In this dissertation we concern ourselves with the analysis, model reduction, and control of fluid flows that exhibit time-periodic behavior, or that can be modelled as time periodic. These flows are ubiquitous in nature and in engineering. In nature, one of the most remarkable examples of periodic flows may be found in the Von-Karman vortices that form in the wake of an island. A perhaps less spectacular, yet arguably more important example of a flow that can be modelled as periodic, is blood flow, where the periodicity is induced by the beating heart. In engineering applications, examples include flows in turbomachinery and rotorcraft as well as wake flows. Although all these examples belong to widely different classes of application, their time-periodic nature is such that they can all be studied using a very specific class of mathematical tools. These tools will be the focus of this dissertation, where we discuss existing techniques and we introduce novel mathematical and computational methods for the analysis and control of time-periodic fluid flows.
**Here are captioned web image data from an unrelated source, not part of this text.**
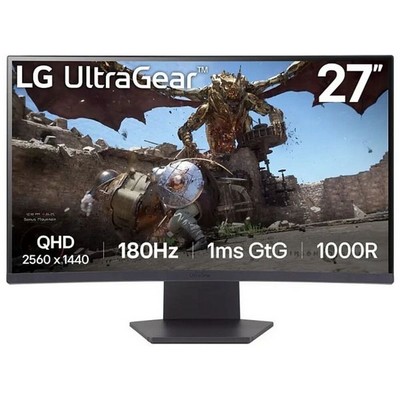 LG UltraGear 27GS60QC-B 27" Black 1ms HDMI, DisplayPort - фото 100760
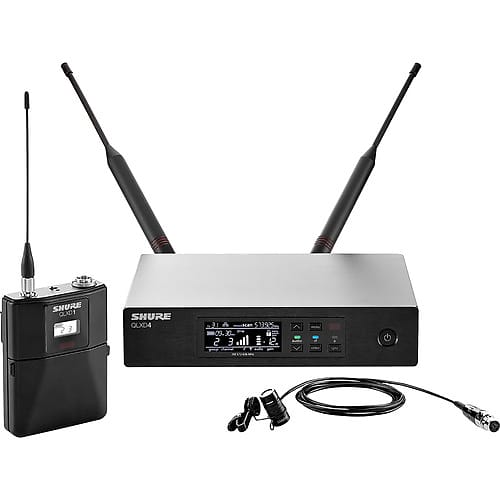 Shure QLXD14/85 Wireless System with WL185 Lavalier Mic (G50: 470 to 534 MHz) image 1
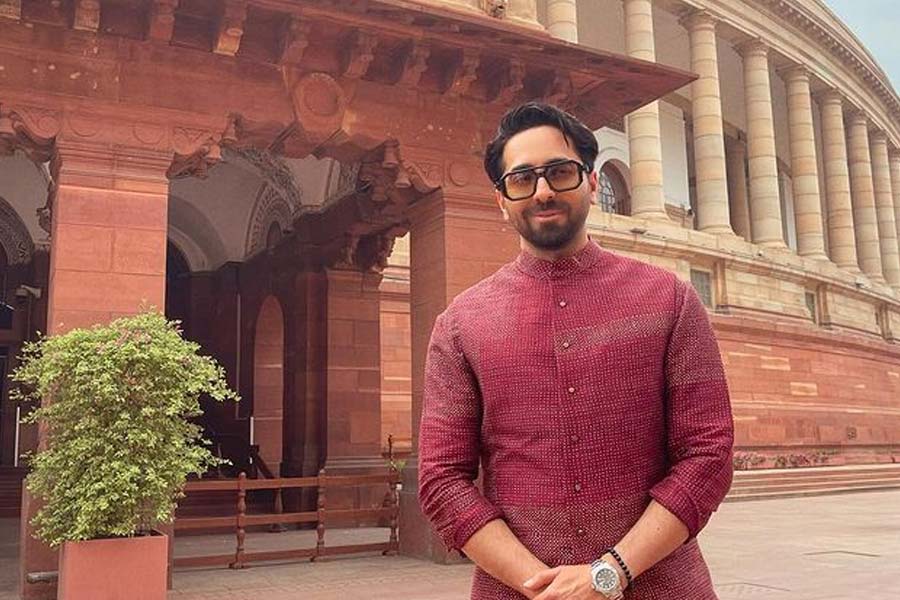 Ayushmann Khurrana visits new Parliament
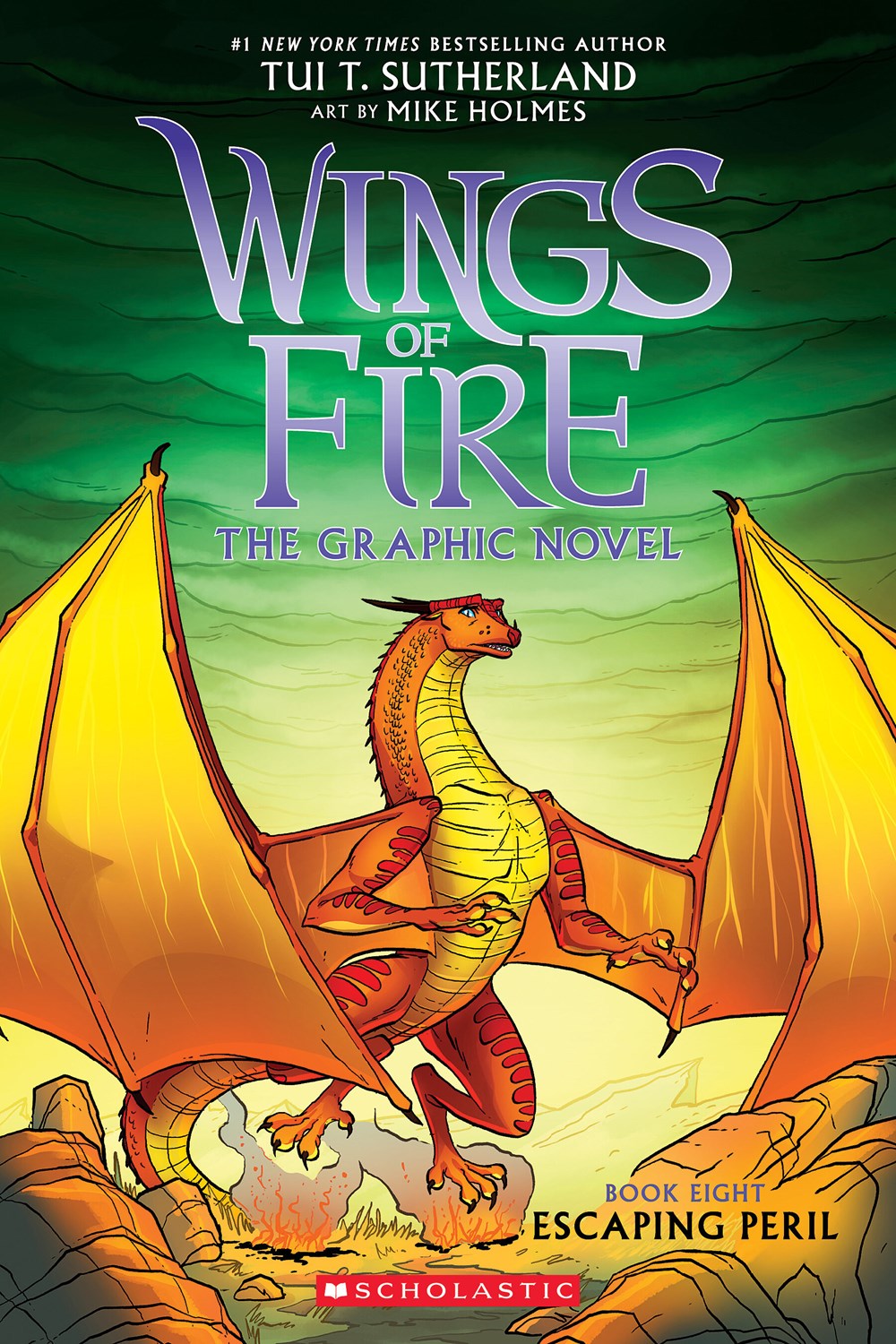 Escaping Peril Graphic Novel (Wings of Fire Book 8)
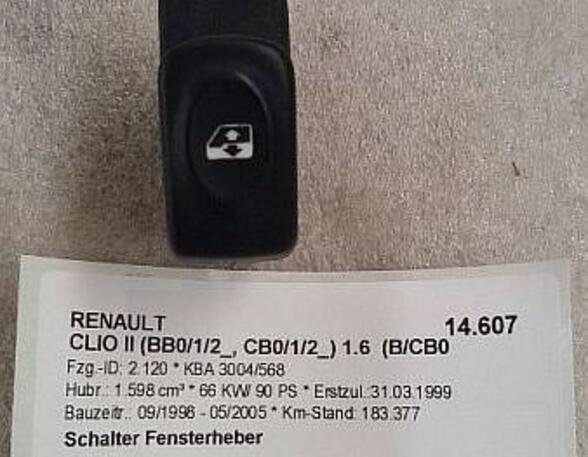 Window Lift Switch RENAULT Clio II (BB, CB)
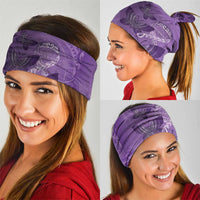 Polynesia Lupus Awareness Month Neck Gaiter Warrior Purple Ribbon Polynesian Butterflies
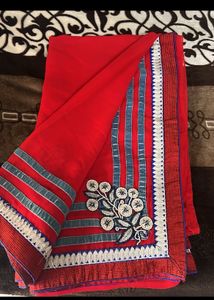 Red Saree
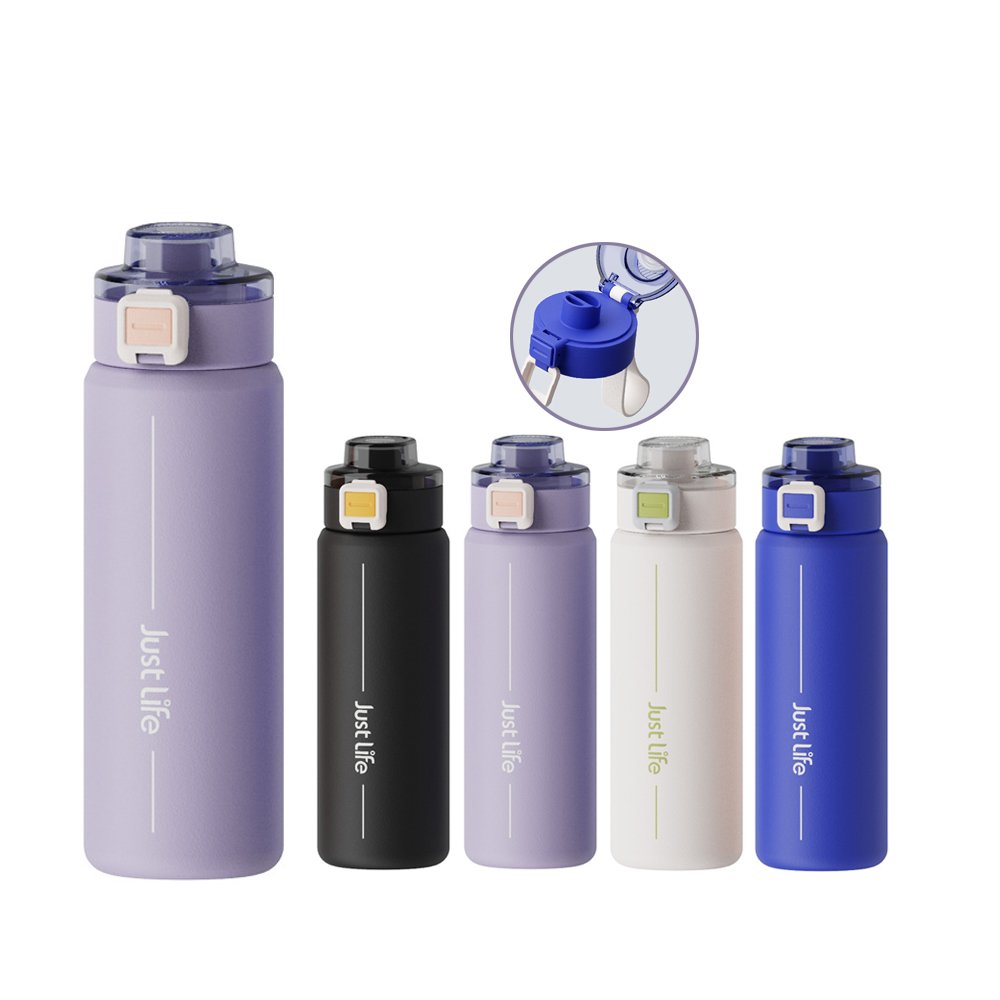 Beauchy High Quality 600ml 316 Stainless Steel Travel Flask Water Bottle Business Vacuum Flask Direct Drinking And Straw Drink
This dissertation is divided in two parts. In the first part we provide an overview of existing frequency-domain methods for the analysis, model reduction and control of fluid flows. We begin with popular techniques based on the linearization of the governing equations about steady equilibria, and then we present novel approaches based on the linearization about time-periodic solutions of the governing equations. The second part includes published and submitted manuscripts that contain a more thorough description of the methods and results presented in the first part. The methods discussed herein are demonstrated on two-dimensional incompressible laminar flows that exhibit periodic dynamics as well as on a three-dimensional separated turbulent boundary layer over a flat plate.